Influenza Prevention

Goldsboro Pediatrics > Newsroom > Influenza Prevention

David Hill, MD, MSPH1Megan A Moreno, MD, MSEd, MPH2

JAMA Pediatr. Published online November 25, 2019. doi:https://doi.org/10.1001/jamapediatrics.2019.4646

Every year, between 10% and 40% of children get influenza, usually between November and March, but no season is completely safe.

Even the luckiest of these children often miss days of school, require physician visits, and experience complications such as middle ear infections, sinusitis, and pneumonia. Influenza is the cause of hospitalizations of 7000 infants and 26 000 toddlers each year; childhood deaths from influenza number from 46 to 288 annually. There are steps you can take to protect your child from influenza and its complications.

Some children face an especially high risk of serious complications from influenza. Infants and toddlers younger than 2 years as well as children with asthma, other forms of lung diseases, heart conditions, conditions that affect the brain or nervous system, obesity, and those receiving aspirin therapy or medicines to suppress the immune system are at high risk. Around half of children hospitalized with influenza are completely healthy with no risk factors at all.

The flu vaccine is the single most effective way to prevent influenza. That does not mean that other measures are not worthwhile. Avoiding people with sickness, diligent handwashing, sleeping well, reducing stress, and having a healthy diet have all been shown to reduce people’s risk of getting sick, but all of these efforts together cannot match the power of the flu vaccine.

Around one-third of parents in 2018 chose not to vaccinate their children against influenza, often because of misinformation. Some parents do not vaccinate because they think the vaccine can cause influenza. The flu shot (inactivated influenza vaccine [IIV]) is made of tiny pieces of the flu virus and cannot cause flu any more than a steering wheel and a tailpipe can drive down the street. The nasal spray vaccine (live attenuated influenza virus [LAIV]) can cause mild flu symptoms, but no one has to use this vaccine unless they choose to.

It is true that the flu vaccine is not 100% effective. In most years, the vaccine prevents between 50% and 90% of flu infections and a bit less for children younger than 2 years.

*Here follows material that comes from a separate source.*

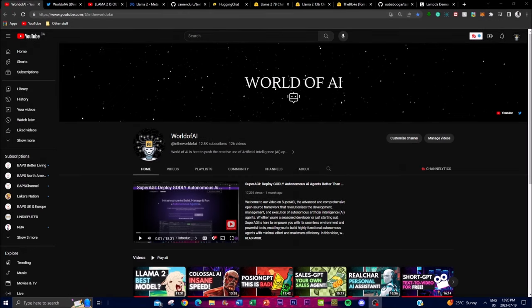Welcome back to another video at the World of AI. In today's video I'm going to be showcasing how you can install Llama 2 locally on your desktop. We're also going to cover how you can run it on the cloud for people who don't have the right GPUs. I'm also going to showcase how you can access Llama 2 without Meta's weights, as some people are being rejected from access.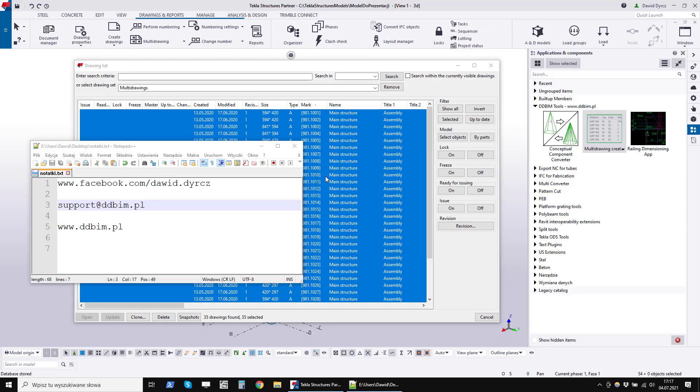Hi, I want to present you a program that is an extension to Tekla Structures. It is used to automatically generate multi-drawings from selected assembly drawings or selected single parts drawings.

However, not vaccinating for this reason is like not wearing seat belts because they do not prevent 100% of motor vehicle injuries.

Some parents worry about adverse reactions from the vaccine. Like any vaccine, the flu vaccine can cause fever and fussiness in some children and, in rare cases, patients can have an allergic reaction. We now know that people with egg allergies can receive the flu vaccine safely. The live attenuated influenza virus should not be given to children with suppressed immune systems. However, compared with getting the flu, adverse reactions from the vaccine are minimal.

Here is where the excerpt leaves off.